*** DATA SUPPLIED Section Begins ***

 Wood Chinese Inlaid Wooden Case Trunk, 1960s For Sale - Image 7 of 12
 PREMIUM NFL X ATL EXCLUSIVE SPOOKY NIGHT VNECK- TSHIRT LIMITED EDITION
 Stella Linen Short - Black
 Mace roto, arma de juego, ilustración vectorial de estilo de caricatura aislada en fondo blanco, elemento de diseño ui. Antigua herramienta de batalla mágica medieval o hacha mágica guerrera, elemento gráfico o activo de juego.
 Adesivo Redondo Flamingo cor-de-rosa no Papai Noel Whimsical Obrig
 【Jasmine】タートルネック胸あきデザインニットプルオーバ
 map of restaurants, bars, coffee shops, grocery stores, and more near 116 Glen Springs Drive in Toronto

*** DATA SUPPLIED Section Ends ***

## WORK INSTRUCTION:
Return exactly the lines of the listing that run from the one containing "Adesivo Redondo Flamingo" through the last, and no others.

## RESPONSE TO THE EXERCISE:
 Adesivo Redondo Flamingo cor-de-rosa no Papai Noel Whimsical Obrig
 【Jasmine】タートルネック胸あきデザインニットプルオーバ
 map of restaurants, bars, coffee shops, grocery stores, and more near 116 Glen Springs Drive in Toronto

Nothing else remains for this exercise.